Lessons Learned from the Quiet Zone
Maybe you already do these things. Maybe it doesn’t take laryngitis to compel you to put these ideas into practice. If that’s the case, I admire you and your forward-thinking! But for me, gaining some perspective about myself as a parent occurred when I was forced to be quiet and observe what was happening around me when my voice wasn’t commanding the situation. Here are two major things I learned from losing my voice.
1. Wait to Intervene
As parents, it is so easy to step into our children’s squabbles prematurely. When we do this, we rob them of the ability to work through their problem solving process. I’m sure I’m not telling you anything you don’t know, but remembering this in the moment can be tough. It is annoying to me to listen to my kids bicker. It’s unpleasant to hear my daughter cry the second her brother does something she doesn’t like. And it drives me nuts when they coming running up to me, tattle-tales on the tips of their tongues. But does my discomfort justify my intervention?

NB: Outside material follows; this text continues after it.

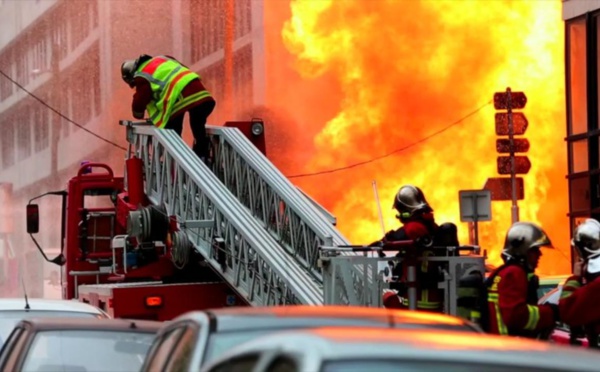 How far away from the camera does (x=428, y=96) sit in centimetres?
2822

At a recent family gathering, I found myself intervening as my 3-year-old started to melt down over sharing a toy with her younger cousin. As I began to step in, my sister-in-law reminded me to wait, to let them work it out on their own first. And sure enough, though not without temporary tears and frustration, one lost interest in the toy and they moved along.
As adults, we solve problem after problem, whether big or small, on the daily. Sure, it would be nice to have someone older and wiser swoop in and solve it all for us, but that’s not reality. So I’ve got to quit doing my kids the disservice of taking away their ability to reason through life’s challenges.
2. Spend More Time Listening
One thing that losing your voice will do is prove how much time you spend talking each day! I take breakfast orders, I bark out commands to get little people out the door for the day, and I chat with other parents at my kids’ sporting events and activities. I pay bills over the phone, cheer for my son’s team at basketball games, and sing “Twinkle Twinkle Little Star” before bed. Not being able to do any of these things was frustrating, to put it mildly. But it also forced me to LISTEN.
In the space where my voice usually was, I could now hear my children more clearly. I could witness the ways in which they coexist when they’re not fighting; how they would voluntarily say “I love you,” to each other. I could appreciate their humor and their laughter. Instead of rushing them through their reasoning so that I could prove my point, I stayed silent long enough to finally hear them out. My voice was (shockingly) not the sole source of their existence and happiness, and in its absence, there was peace and calm and understanding. Talk about feeling humbled!
Now that my voice has returned, I’m going to try my best to hold tight to that lesson. Instead of talking over everyone, I’m going to challenge myself to stay quiet and listen to the little voices within my atmosphere; the voices that should always matter the most. The outcome of good listening is almost always infinitely better than making yourself heard. And by modeling this type of listening, the type which truly seeks to create understanding, aren’t we teaching those around us to do the same? That seems a much more powerful and farther-reaching skill.
So, it looks like I’ve found some good use for my laryngitis now. Don’t get me wrong, I’m thankful my voice is back in working condition. But, I feel like there was a purpose for its loss this time around. A gut check and a needed re-evaluation of the effectiveness of my parental voice. I’m hoping that I can carry these reminders with me from now on. So, if you need me, I’ll be over here, watching my kids duke it out over the latest amazon.com magazine and then staying quiet long enough to give them the chance to nurse each other’s wounds and find their own, authentic apologies.